8
votes

I will list exactly what I do not understand, and show you the parts I can not understand as well.

First off,

The .Align Directive

  1. .align integer, pad. The .align directive causes the next data generated to be aligned modulo integer bytes

1.~ ? : What is implied with "causes the next data generated to be aligned modulo integer bytes?" I can surmise that the next data generated is a memory-to-register transfer, no? Modulo would imply the remainder of a division. I do not understand "to be aligned modulo integer bytes".......

What would be a remainder of a simple data declaration, and how would the next data generated being aligned by a remainder be useful? If the next data is aligned modulo, that is saying the next generated data, whatever that means exactly, is the remainder of an integer? That makes absolutely no sense.

What specifically would the .align, say, .align 8 directive issued in x86 for a data byte compiled from a C char, i.e., char CHARACTER = 0; be for? Or specifically coded directly with that directive, not preliminary Assembly code after compiling C? I have debugged in Assembly and noticed that any C/C++ data declarations, like chars, ints, floats, etc. will insert the directive .align 8 to each of them, and add other directives like .bss, .zero, .globl, .text, .Letext0, .Ltext0.

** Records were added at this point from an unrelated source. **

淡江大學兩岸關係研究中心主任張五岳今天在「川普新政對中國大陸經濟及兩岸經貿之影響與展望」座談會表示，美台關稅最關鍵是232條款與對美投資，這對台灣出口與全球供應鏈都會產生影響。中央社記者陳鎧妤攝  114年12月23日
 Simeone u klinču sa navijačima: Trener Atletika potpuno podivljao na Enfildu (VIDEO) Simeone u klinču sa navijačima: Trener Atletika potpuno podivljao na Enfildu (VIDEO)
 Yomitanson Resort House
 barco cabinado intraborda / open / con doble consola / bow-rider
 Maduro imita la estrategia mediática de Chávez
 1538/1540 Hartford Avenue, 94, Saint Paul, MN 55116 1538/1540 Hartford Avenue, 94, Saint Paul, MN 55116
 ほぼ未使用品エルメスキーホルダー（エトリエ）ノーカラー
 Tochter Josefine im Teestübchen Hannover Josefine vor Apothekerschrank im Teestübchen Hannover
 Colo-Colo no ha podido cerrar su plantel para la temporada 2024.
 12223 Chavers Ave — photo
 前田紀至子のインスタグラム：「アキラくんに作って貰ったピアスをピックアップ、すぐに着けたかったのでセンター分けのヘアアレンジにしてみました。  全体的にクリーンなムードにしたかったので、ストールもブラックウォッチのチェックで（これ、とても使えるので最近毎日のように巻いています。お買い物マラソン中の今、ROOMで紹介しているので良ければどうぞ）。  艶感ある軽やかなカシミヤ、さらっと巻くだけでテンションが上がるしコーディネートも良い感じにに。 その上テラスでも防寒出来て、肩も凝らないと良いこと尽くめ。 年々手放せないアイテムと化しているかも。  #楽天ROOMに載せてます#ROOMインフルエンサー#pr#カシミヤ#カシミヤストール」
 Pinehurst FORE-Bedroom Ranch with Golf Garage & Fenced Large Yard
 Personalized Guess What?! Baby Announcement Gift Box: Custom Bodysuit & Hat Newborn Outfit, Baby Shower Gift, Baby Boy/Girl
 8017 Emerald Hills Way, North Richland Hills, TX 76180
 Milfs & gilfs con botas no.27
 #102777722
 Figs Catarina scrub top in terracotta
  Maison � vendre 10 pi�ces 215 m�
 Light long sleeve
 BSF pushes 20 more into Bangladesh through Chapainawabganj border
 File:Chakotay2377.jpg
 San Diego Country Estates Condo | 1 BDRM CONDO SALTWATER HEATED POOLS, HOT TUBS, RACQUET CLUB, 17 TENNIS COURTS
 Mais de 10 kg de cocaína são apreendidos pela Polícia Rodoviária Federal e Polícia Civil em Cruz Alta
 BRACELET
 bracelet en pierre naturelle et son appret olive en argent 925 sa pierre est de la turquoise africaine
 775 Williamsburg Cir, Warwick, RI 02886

What are all of these directives for, or at least my main asking? I have learned a lot of the main x86 Assembly instructions, but never was introduced or pointed at all of these strange directives. How do they affect the opcodes, and are all of them necessary?

4
It just means that the assembler will place the next byte at an address evenly divisible by integer, so if e.g. the last byte was placed at 0x0eda, then ordinarily, the next byte would be placed at 0x0edb, but with an .align 8 directive in place, the next byte would be placed at 0x0ec0, the next address that is evenly divisible by 8 - microtherion
Note that .align is for anything the assembler outputs, such as machine code, not just for what you in C would call "data" - nos

4 Answers

7
votes

As mentioned in the comments, it means the compiler will add enough padding bytes so the next data lands on an "even" position (divisible by the alignment value). This is important because aligned memory access is much faster than unaligned memory access. (Loading a doubleword from 0x10000 is better than loading a doubleword from 0x10001). It might also be useful in case you are interfacing with other components and need to send/receive structs of data with a given padding/alignment.

7
votes

First, note that .align it is not a x86 specific concept, but a GNU GAS directive documented here. It can also be used for other architectures. x86 does not specify directives, only instructions.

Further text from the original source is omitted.